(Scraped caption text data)
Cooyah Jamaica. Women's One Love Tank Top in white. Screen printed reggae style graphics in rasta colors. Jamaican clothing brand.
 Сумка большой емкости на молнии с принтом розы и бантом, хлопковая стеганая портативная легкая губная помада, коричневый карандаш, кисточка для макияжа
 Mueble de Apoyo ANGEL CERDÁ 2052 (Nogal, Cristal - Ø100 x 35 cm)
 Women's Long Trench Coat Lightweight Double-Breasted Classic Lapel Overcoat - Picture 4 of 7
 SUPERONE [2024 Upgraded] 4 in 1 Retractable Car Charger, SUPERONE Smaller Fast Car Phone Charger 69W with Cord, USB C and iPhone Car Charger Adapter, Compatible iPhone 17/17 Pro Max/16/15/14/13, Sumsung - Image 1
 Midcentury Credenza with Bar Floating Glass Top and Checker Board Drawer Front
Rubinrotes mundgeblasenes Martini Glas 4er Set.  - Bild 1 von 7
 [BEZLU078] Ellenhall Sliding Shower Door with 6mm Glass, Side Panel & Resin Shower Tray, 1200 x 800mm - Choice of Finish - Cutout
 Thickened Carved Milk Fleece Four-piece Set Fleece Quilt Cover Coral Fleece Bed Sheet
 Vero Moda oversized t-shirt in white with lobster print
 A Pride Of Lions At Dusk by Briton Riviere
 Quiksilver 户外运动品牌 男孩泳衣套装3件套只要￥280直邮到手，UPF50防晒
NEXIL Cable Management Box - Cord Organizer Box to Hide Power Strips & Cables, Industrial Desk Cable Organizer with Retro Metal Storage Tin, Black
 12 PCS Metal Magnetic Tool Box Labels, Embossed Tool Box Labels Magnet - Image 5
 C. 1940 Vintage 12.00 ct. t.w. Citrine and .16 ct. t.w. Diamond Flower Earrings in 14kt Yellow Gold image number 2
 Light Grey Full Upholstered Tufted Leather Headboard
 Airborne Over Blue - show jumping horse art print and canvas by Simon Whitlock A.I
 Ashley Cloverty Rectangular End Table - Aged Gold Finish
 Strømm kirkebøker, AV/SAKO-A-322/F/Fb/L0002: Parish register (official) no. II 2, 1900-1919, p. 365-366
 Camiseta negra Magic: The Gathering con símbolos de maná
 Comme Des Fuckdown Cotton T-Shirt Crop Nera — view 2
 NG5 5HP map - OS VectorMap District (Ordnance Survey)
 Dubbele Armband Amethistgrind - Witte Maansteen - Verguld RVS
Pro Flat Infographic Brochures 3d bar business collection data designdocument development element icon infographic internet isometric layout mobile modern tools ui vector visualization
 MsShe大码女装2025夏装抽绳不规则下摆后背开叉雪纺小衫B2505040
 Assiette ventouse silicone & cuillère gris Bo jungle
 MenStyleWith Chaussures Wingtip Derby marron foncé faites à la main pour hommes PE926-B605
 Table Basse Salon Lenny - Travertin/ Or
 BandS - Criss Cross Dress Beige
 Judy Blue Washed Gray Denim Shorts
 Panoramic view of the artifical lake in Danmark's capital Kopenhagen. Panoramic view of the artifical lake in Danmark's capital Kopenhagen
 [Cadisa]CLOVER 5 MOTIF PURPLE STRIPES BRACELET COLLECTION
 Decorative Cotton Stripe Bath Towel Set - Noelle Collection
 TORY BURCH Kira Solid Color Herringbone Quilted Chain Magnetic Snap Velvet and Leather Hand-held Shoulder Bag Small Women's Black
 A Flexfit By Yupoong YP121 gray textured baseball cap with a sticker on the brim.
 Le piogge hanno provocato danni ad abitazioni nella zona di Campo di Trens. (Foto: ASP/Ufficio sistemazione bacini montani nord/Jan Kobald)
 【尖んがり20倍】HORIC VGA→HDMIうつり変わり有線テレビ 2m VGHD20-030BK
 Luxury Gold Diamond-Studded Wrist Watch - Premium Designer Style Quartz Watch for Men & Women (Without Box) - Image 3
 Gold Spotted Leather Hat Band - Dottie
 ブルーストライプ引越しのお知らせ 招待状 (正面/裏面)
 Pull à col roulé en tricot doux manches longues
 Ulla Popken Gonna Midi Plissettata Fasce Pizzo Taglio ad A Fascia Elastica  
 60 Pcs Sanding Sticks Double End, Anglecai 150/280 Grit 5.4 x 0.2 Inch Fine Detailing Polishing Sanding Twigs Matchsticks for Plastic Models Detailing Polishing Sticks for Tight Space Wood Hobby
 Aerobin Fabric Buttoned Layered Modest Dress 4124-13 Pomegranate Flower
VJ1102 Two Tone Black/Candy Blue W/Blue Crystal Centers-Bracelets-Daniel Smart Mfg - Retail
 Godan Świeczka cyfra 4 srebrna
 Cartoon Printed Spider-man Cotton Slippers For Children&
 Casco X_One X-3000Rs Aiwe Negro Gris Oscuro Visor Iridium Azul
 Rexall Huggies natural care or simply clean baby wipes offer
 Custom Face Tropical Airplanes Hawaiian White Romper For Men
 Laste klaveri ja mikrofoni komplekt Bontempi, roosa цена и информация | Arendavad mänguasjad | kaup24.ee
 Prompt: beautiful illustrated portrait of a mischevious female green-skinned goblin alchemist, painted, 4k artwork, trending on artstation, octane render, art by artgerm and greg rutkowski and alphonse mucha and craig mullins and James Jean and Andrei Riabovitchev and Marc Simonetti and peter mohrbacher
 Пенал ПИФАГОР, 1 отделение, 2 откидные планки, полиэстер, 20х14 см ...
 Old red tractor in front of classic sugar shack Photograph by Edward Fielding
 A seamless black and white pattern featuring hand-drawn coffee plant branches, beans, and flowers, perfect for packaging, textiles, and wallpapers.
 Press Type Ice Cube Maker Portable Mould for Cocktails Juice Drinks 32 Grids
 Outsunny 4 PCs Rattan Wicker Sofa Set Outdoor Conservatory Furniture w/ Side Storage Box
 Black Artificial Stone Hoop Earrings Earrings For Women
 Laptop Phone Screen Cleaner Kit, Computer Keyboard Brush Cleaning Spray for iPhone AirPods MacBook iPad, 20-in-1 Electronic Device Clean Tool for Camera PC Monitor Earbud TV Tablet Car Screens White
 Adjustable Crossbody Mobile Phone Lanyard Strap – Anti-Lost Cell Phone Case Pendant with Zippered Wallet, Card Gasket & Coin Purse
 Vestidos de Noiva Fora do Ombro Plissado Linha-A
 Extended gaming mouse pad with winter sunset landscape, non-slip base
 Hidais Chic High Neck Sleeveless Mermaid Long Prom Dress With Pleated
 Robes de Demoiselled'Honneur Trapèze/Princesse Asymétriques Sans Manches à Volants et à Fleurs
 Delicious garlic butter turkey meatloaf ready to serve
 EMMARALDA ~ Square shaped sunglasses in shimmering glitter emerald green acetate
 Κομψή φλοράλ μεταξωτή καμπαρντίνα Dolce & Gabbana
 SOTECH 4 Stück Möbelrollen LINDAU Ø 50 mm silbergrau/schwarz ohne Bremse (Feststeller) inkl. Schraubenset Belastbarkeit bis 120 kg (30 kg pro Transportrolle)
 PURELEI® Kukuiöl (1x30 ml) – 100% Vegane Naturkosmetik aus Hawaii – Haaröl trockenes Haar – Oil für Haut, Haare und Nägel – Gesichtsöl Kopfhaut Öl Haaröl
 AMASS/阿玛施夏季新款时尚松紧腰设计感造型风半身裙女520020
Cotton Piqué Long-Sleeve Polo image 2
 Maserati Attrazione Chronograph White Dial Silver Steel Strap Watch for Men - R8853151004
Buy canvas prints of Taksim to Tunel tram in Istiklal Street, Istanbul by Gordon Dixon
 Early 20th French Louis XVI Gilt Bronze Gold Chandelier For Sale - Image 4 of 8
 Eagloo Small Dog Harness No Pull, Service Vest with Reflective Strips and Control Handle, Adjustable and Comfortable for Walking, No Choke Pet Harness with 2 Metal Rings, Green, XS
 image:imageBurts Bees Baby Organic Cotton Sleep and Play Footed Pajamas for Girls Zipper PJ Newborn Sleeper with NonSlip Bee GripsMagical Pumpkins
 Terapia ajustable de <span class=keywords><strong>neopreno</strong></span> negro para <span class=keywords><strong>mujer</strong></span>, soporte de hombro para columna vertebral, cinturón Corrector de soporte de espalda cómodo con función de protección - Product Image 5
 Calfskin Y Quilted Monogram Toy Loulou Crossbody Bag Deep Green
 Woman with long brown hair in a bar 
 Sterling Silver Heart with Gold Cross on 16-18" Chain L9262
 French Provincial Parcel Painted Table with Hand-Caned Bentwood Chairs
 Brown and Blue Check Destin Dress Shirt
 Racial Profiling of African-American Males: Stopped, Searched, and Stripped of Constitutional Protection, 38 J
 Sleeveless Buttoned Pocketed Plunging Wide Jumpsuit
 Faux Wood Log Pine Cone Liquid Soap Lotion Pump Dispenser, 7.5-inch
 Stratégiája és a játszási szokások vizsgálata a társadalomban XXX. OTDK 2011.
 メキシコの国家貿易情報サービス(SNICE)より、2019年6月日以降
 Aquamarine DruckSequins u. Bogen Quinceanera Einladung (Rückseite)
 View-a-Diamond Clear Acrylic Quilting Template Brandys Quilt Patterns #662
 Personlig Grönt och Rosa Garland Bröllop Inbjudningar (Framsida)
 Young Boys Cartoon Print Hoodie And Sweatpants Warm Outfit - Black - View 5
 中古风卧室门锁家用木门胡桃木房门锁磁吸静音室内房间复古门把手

### Task to complete:
Copy out the range of lines above starting at the line with "Custom Face Tropical" and ending at the line with "SOTECH 4 Stück", exactly and including both.

### Exercise output:
 Custom Face Tropical Airplanes Hawaiian White Romper For Men
 Laste klaveri ja mikrofoni komplekt Bontempi, roosa цена и информация | Arendavad mänguasjad | kaup24.ee
 Prompt: beautiful illustrated portrait of a mischevious female green-skinned goblin alchemist, painted, 4k artwork, trending on artstation, octane render, art by artgerm and greg rutkowski and alphonse mucha and craig mullins and James Jean and Andrei Riabovitchev and Marc Simonetti and peter mohrbacher
 Пенал ПИФАГОР, 1 отделение, 2 откидные планки, полиэстер, 20х14 см ...
 Old red tractor in front of classic sugar shack Photograph by Edward Fielding
 A seamless black and white pattern featuring hand-drawn coffee plant branches, beans, and flowers, perfect for packaging, textiles, and wallpapers.
 Press Type Ice Cube Maker Portable Mould for Cocktails Juice Drinks 32 Grids
 Outsunny 4 PCs Rattan Wicker Sofa Set Outdoor Conservatory Furniture w/ Side Storage Box
 Black Artificial Stone Hoop Earrings Earrings For Women
 Laptop Phone Screen Cleaner Kit, Computer Keyboard Brush Cleaning Spray for iPhone AirPods MacBook iPad, 20-in-1 Electronic Device Clean Tool for Camera PC Monitor Earbud TV Tablet Car Screens White
 Adjustable Crossbody Mobile Phone Lanyard Strap – Anti-Lost Cell Phone Case Pendant with Zippered Wallet, Card Gasket & Coin Purse
 Vestidos de Noiva Fora do Ombro Plissado Linha-A
 Extended gaming mouse pad with winter sunset landscape, non-slip base
 Hidais Chic High Neck Sleeveless Mermaid Long Prom Dress With Pleated
 Robes de Demoiselled'Honneur Trapèze/Princesse Asymétriques Sans Manches à Volants et à Fleurs
 Delicious garlic butter turkey meatloaf ready to serve
 EMMARALDA ~ Square shaped sunglasses in shimmering glitter emerald green acetate
 Κομψή φλοράλ μεταξωτή καμπαρντίνα Dolce & Gabbana
 SOTECH 4 Stück Möbelrollen LINDAU Ø 50 mm silbergrau/schwarz ohne Bremse (Feststeller) inkl. Schraubenset Belastbarkeit bis 120 kg (30 kg pro Transportrolle)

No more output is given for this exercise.